Consider the right side of figure 7.7. A user who adopts version 1 will always use the highest minor and build version under that major version. Adopting 1.9 will always use the highest build version for that minor version. Adopters who need to carefully migrate between versions of their dependencies can do so with control and at times of their choosing.

The second problem is related to the latest tag. On the left, latest currently points to an image that’s not otherwise tagged, and so an adopter has no way of knowing what version of the software that is. In this case, it’s referring to a release candidate for the next major version of the software. An unsuspecting user may adopt the latest tag with the impression that it’s referring to the latest build of an otherwise tagged version.

There are other problems with the latest tag. It’s adopted more frequently than it should be. This happens because it’s the default tag, and Docker has a young community. The impact is that a responsible repository maintainer should always make sure that its repository’s latest refers to the latest stable build of its software instead of the true latest.

The last thing to keep in mind is that in the context of containers, you’re versioning not only your software but also a snapshot of all of your software’s packaged dependencies. For example, if you package software with a particular distribution of Linux, like Debian, then those additional packages become part of your image’s interface contract. Your users will build tooling around your images and in some cases may come to depend on the presence of a particular shell or script in your image. If you suddenly rebase your software on something like CentOS but leave your software otherwise unchanged, your users will experience pain.

In situations where the software dependencies change, or the software needs to be distributed on top of multiple bases, then those dependencies should be included with your tagging scheme.

The Docker official repositories are ideal examples to follow. Consider this tag list for the official golang repository, where each row represents a distinct image:

1.3.3,              1.3
1.3.3-onbuild,      1.3-onbuild
1.3.3-cross,        1.3-cross
1.3.3-wheezy,       1.3-wheezy
1.4.2,              1.4,          1,              latest
1.4.2-onbuild,      1.4-onbuild,  1-onbuild,      onbuild
1.4.2-cross,        1.4-cross,    1-cross,        cross
1.4.2-wheezy,       1.4-wheezy,   1-wheezy,       wheezy

The columns are neatly organized by their scope of version creep with build-level tags on the left and major versions to the right. Each build in this case has an additional base image component, which is annotated in the tag.

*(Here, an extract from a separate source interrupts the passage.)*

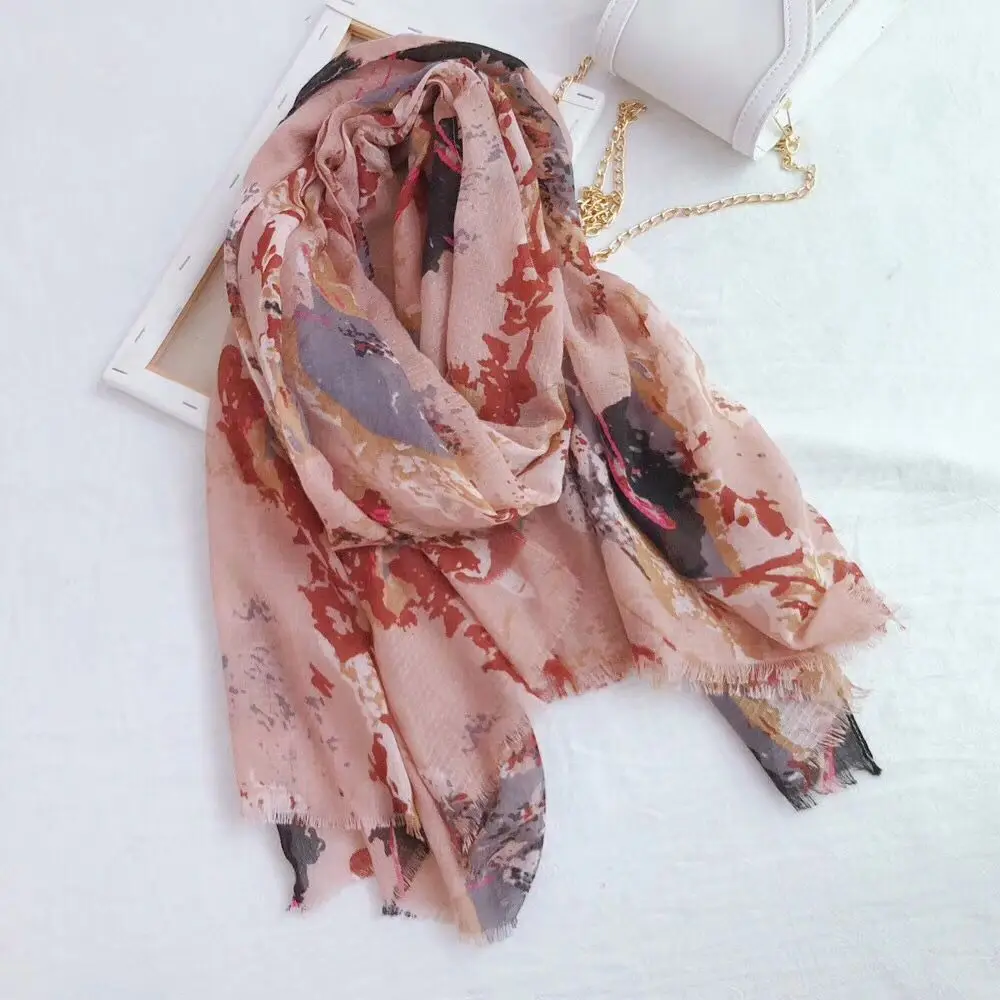 

Sjaal viscose hijab 2019,bohemian cotton beach scarf cover up,long shawl printed tassel Muslim big head scarf,shawls and wraps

Users know that the latest version is actually version 1.4.2. If an adopter needs the latest image built on the debian:wheezy platform, they can use the wheezy tag. Those who need a 1.4 image with ONBUILD triggers can adopt 1.4-onbuild. This scheme puts the control and responsibility for upgrades in the hands of your adopters.

7.5. Summary

This is the first chapter to cover the creation of Docker images, tag management, and other distribution concerns such as image size. Learning this material will help you build images and become a better consumer of images. The following are the key points in the chapter:

New images are created when changes to a container are committed using the docker commit command.
When a container is committed, the configuration it was started with will be encoded into the configuration for the resulting image.
An image is a stack of layers that’s identified by its top layer.
An image’s size on disk is the sum of the sizes of its component layers.
Images can be exported to and imported from a flat tarball representation using the docker export and docker import commands.
The docker tag command can be used to assign several tags to a single repository.
Repository maintainers should keep pragmatic tags to ease user adoption and migration control.
Tag your latest stable build with the latest tag.
Provide fine-grained and overlapping tags so that adopters have control of the scope of their dependency version creep.